I’ve heard that it’s the hottest spot north of Havana, but unfortunately the Copacabana that Harry and I visited this weekend was incredibly cold! It’s hard to believe that I was seeing frozen car windows and frost on the ground when barely a week ago I was lounging topless on the sundeck of a boat.
As I write this I am on the bus from Copacabana heading back to La Paz, enjoying some beautiful vistas of Lake Titicaca, the largest high-altitude lake in the world. And believe me when I say this lake is big; you can look at photos and geek out with the statistics, but they won’t prepare you for the moment when you see it for the first time and have to convince yourself that you’re standing on the edge of a lake, not the shore of an ocean.
During our short stay in Copacabana (little more than a weekend, really) we had three main highlights: a day trip Isla del Sol (the Island of the Sun); a short jaunt into Peru; and a semi-unexpected meet-up with three more Guyana volunteers (Oli, Natalie and Charlotte).
Isla del Sol
On our first full day in Copa we took a day trip to one of the islands in Lake Titicaca – Isla del Sol. Our boat took us to the northern end of the island where we visited some Inca ruins and enjoyed incredible views (and where I took my third planking photo).
We then started on a 2½ hour hike to the southern end of the island, enjoying yet more awe-inspiring views along the way. The hike isn’t exactly a walk in the park, but it’s not impossible and I would strongly recommend it to anyone visiting the island.
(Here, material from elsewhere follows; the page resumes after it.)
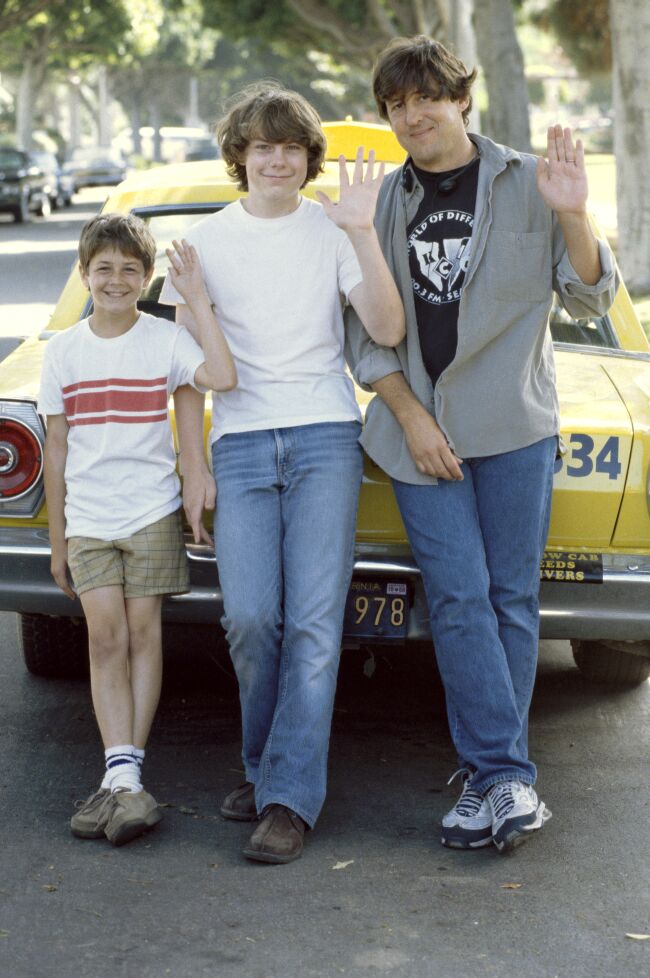 Both the young and old versions of William pose with director Cameron Crowe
Once we reached the southern end we enjoyed more examples of Inca history, including the famous Inca Staircase. Of course we climbed to the top to see it properly, which is something I would also recommend. I would, however, offer this token of advice: if you’ve just finished a 2½ hour hike, and your lungs are battling for oxygen at 12,500 feet above sea level, do not attempt to run up the stairs. You will regret it. We did.
After we finished sightseeing the boat returned us to the mainland and we went in search of a well-earned dinner.
All together the day cost about 80Bs for the boat, guide, entrance fees, food, etc., which is about £8 in the UK. To anyone in Copa (the Bolivian one, obviously) I would recommend visiting this island.
Afternoon in Peru
On our last day in Copa we met up with three more PTVs: Oli, Natalie and Charlotte. They were en route from Peru and will be following us into La Paz in a few days. We met them for only an evening, which was spent indulging in a proper* meal, using a cafe/bar to cower from the cold outside and play many rounds of President and Beggar**, and then braving the streets once more for a nearly-midnight-snack from one of the many street vendors.
* Truth be told, Harry and I have existed largely on snack food and street vendors since we arrived in Copa!